* What is being asked *
Would you write out the lines below exactly, from the one containing "1720-2410-18AN - Animal" to the very last, but without the pictures?

* Data section *
______________________________
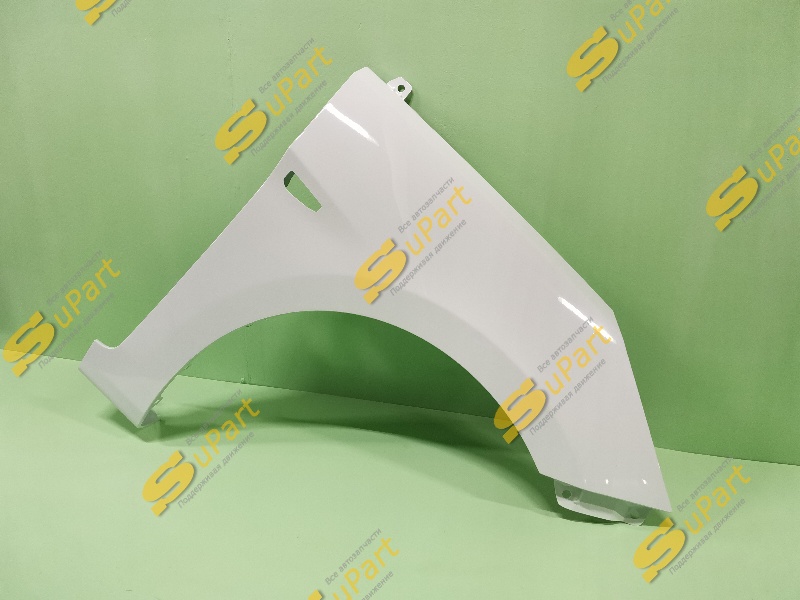Крыло Hyundai Solaris (2010-2016) переднее с отверстием правое БЕЛОЕ / НН
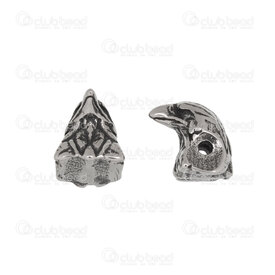 1720-2410-18AN - Animal Stainless Steel Bead Eagle Head 9.5x9x11mm 2mm hole Antique 4pcs 1720-2410-18AN,Animal beads,montreal, quebec, canada, beads, wholesale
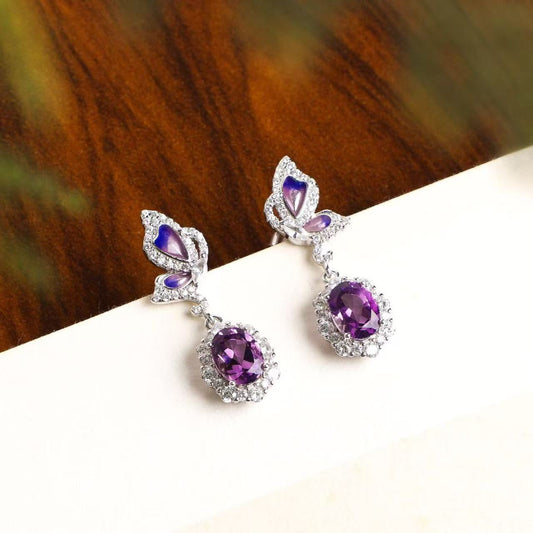 Amethyst Butterfly Dangle Earrings in 925 Sterling Silver with Enamel Accents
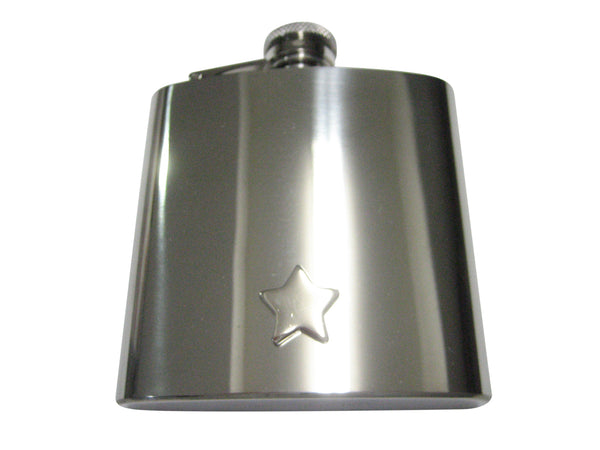 Silver Toned Shiny Star 6oz Flask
______________________________
* Written answer *
 1720-2410-18AN - Animal Stainless Steel Bead Eagle Head 9.5x9x11mm 2mm hole Antique 4pcs 1720-2410-18AN,Animal beads,montreal, quebec, canada, beads, wholesale
 Amethyst Butterfly Dangle Earrings in 925 Sterling Silver with Enamel Accents
 Silver Toned Shiny Star 6oz Flask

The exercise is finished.